Thus it was with the great Mother of God, still in the dawn of her virginal youth. All created things had a new meaning to her, now that they were governed from out of her. Men's faces and actions were the language of a new science to her, which philosophy might envy. Meanwhile she was sensibly receiving graces from the Babe, and those graces were unparalleled, not to be so much as imagined by any of us, perhaps barely comprehended by herself. She was consciously growing, too, in reverence and devotion to St. Joseph, as the image of the Eternal Father. She was growing out of herself into her office, out of the daughter of Anne into the Mother of God. The marvellous permitted intimacies of the Saints with God were as nothing to her colloquies---her spiritual colloquies---with the Infant Jesus. Yet with all this growth, her Expectation was growing also. But what was her Expectation like? It was a mystery of incomparable joy. All god-like things are joyous. They inherit joy by their own right. They sing songs in the soul even amidst the agonies of nature. There is no making them otherwise than joyous. They have touched God, and so they carry with them an irresistible gladness everywhere. They have an unquenchable sunshine of their own, which the surrounding darkness only makes more startlingly bright. The thorns of mortification thus become a bed of roses: yet not a thorn is blunted, nor is nature spared a wound. The pains of martyrdom attune themselves to this inward jubilee, and yet are pains as they were before. Now Mary's Expectation was full of God, and therefore it was joyous. It had two intensities of joy in it: the intensity of created holiness thirsting for the sight of God; and the intensity of an earthly mother's desire---natural, simple, and human, but immensely sanctified---to see the Face of her Babe, whom she knew to be God as well.

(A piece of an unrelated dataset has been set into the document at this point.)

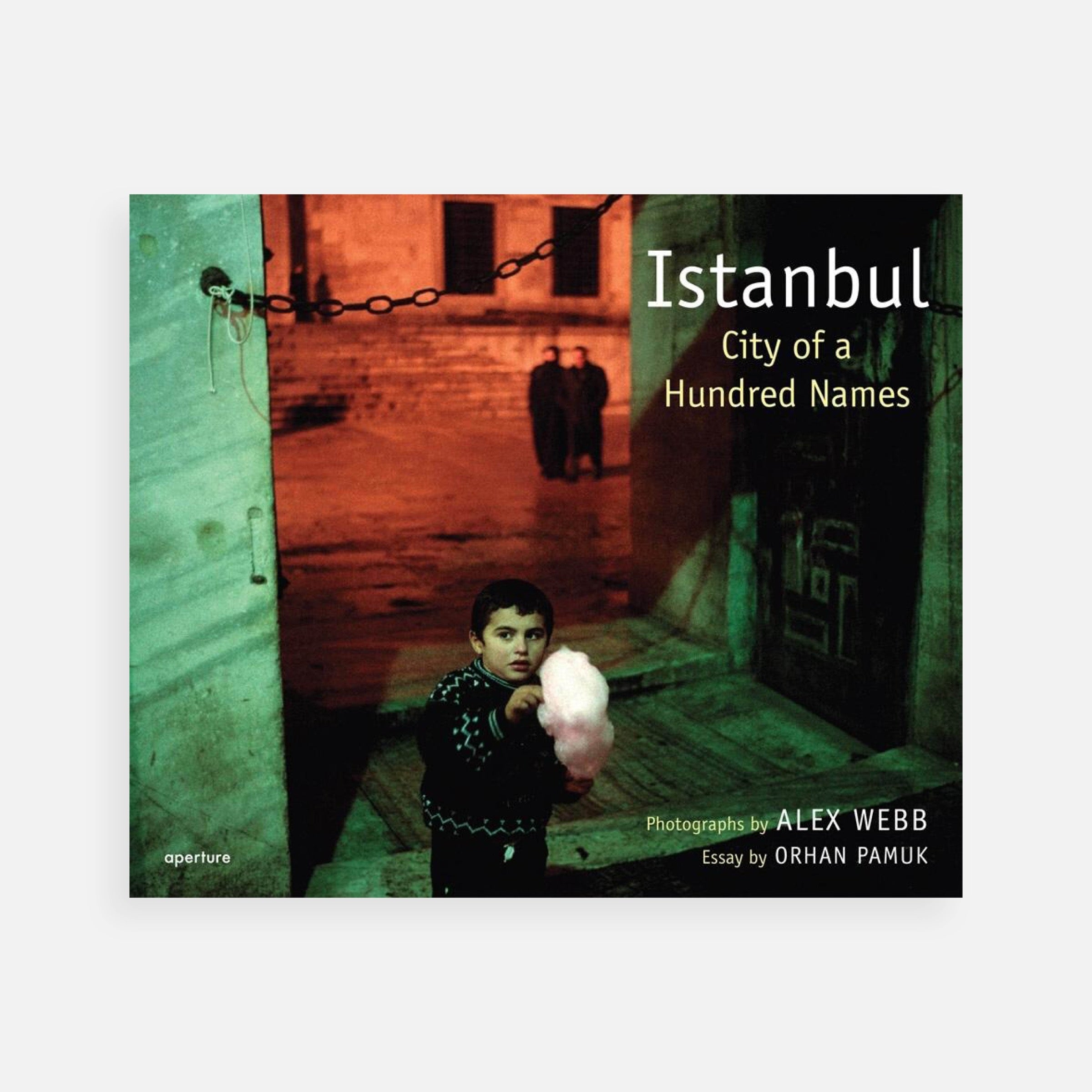 Alex Webb: Istanbul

In the Scriptures the Face of God is spoken of as if it were the magnet of creatures. There is no doubt that by the word Face is commonly meant the Vision of God, together with all sensible presences of Him, but especially the Vision of Him. Men lived on sight. Faith was the soul's sight of the unseen. It was the attraction of created sanctity to yearn for the Face of the Creator, or rather such yearning was itself sanctity. There are many faces of things in the world, and almost all of them are very beautiful. Even those, which are not joyous, have a beautiful sadness about them. There are frowning faces of things, expressions which sin has brought over the countenance of nature, as age brings wrinkles. Life too has weary-looking aspects: yet in truth there is nothing in life to weary us but sin, or the sinless want of God. But all these faces of things, beautiful, or beautifully sad, or dark and frowning, have all a look of expectation upon them. Their features say they are not final. There is no resting in the best of them for any soul of man. Even in an unfallen creation the face of things would never satisfy the soul. There is a kind of infinite capability about it, which glorious and lovely creations by thousands might flow into forever and yet leave it an everlasting void, an unfertile desolation. The hidden Face of the Creator, the unveiling of that hidden Face---it was this for which men were to yearn. It was the lesson life was to teach them, that there was no true life away from the Vision of that blessed and beatifying Face. Hence it is, that, when God has allured His Saints up to great heights of sanctity, beyond the cheering companionship of creatures, into the frightening Divine wastes of contemplation, where nature finds only an echoing solitude, and a wilderness of bristling rocks, and the dread of preternatural ambushes, He visits them with visions, when even their heroic courage is failing and their hearts are sinking within them. Such visions are like lights held out on the shore to those who are fighting with the stormy waters. They are disclosures beforehand, anticipations of that abiding and full Vision from which those often think themselves furthest who are in truth drawing nighest to it.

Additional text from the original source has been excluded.